In Git terminology, a snapshot is a copy of an entire software repository at a specific point in time (defined by its SHA-1). This python script takes a snapshot of one repository and performs the necessary repository actions to merge it into another repository at a specific point in history while generating a commit message for the git process to accomplish this joining operation.

prepare_trilinos_repos.sh

kokkos/scripts/trilinos-integration

This script defines a set of environment variables for the two checkouts of trilinos necessary to perform the trilinos testing that precedes promotion of an updated Kokkos into the Trilinos repository. The environment variables are paths that point to the “pristine” trilinos branch and to the “updated” trilinos branch (contains a snapshot of the Kokkos develop branch into the Trilinos develop branch). This is the initial step preceding the trilinos integration tests that will take place on platforms Shepard and White.

shepard_jenkins_run_script_pthread_intel

kokkos/scripts/trilinos-integration

loading a particular module for platform Shepard and the set of environment variables that point to the pristine and updated trilinos branches, this script sets up and runs a pthreads version of the trilinos checkin tests. Build flags for the appropriate Kokkos backends are set and Kokkos cloned if necessary. Tests are run using scripts developed by the Sandia SEMS team; results are compared.

shepard_jenkins_run_script_serial_intel

kokkos/scripts/trilinos-integration

same as for script shepard_jenkins_run_script_pthread_intel except it runs the serial workspace in place of the pthread workspace.

white_run_jenkins_script_cuda

kokkos/scripts/trilinos-integration

as for the trilinos tests on Shepard, these are on platform White to test different compilers and architecture. Similar setup of flags, backends and libraries precede submission of batch jobs to run using the SEMS-developed scripts. Test results are reported as for the tests on Shepard.

white_run_jenkins_script_omp

kokkos/scripts/trilinos-integration

same as for script white_run_jenkins_script_cuda except it runs the cuda workspace in place of the omp workspace.

test_kokkos_master_develop_promotion.sh

kokkos/scripts/testing_scripts

[not used ??] For a specific set of parameters – backend, module, compiler, CXXFlags, architecture, kokkos options, cuda options, and HWLOC – a makefile is crated using generate_makefile.sh. [this makefile script is not the same as mentioned above with a .bash extension]

checkin-test

kokkos/scripts/trilinos-integration

this script loads a set of SEMS modules for a trilinos checkinTest. This latter test (script) does not exist in the Kokkos repository at this time.

Kokkos Tests: Unit and Performance#

As described in the Introduction, Kokkos is a library of macros designed to enable applications of all flavors to experience the power and speed of Next Generation computer processors in the solution of their central equations. Kokkos’ role is as an enabler in these applications when it’s macros are properly integrated into the central algorithms (viz, kernels) of these applications. Testing of Kokkos’ macros is accomplished by replicating some of the mathematical implementations of typical kernels at a smaller scale and verifying the accuracy and performance characteristics of these replicas in a series of unit and performance tests.

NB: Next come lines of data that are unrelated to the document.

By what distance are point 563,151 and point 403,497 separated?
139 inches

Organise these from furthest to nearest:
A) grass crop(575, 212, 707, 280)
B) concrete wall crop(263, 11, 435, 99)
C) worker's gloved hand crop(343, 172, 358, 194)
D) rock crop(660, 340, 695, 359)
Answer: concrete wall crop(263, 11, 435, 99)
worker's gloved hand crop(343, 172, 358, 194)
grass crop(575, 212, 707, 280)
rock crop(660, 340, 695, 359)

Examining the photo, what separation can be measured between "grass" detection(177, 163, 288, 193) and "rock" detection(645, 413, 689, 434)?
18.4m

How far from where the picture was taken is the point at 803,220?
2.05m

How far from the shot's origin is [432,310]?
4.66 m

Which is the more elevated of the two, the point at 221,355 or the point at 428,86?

The Kokkos source directories identified below contain nearly a hundred tests problems that are exercised in debugging, nightly, release and promotion testing. Individual directories and test problems should be examined for necessary details of each test.

kokkos/algorithms/{unit_tests   - 8; performance_tests  - ? }
kokkos/benchmarks    - 4
kokkos/containers/{performance_tests   -  8; unit_tests   -  14 }
kokkos/core/{perf_test   -  ?; unit_test    -  ? } 
example  -  22

The results of running these tests are reported as either pass or fail. Test problems that fail are identified for scrutiny so that software errors, inadequacies, and/or test problem deficiencies may be located and corrected.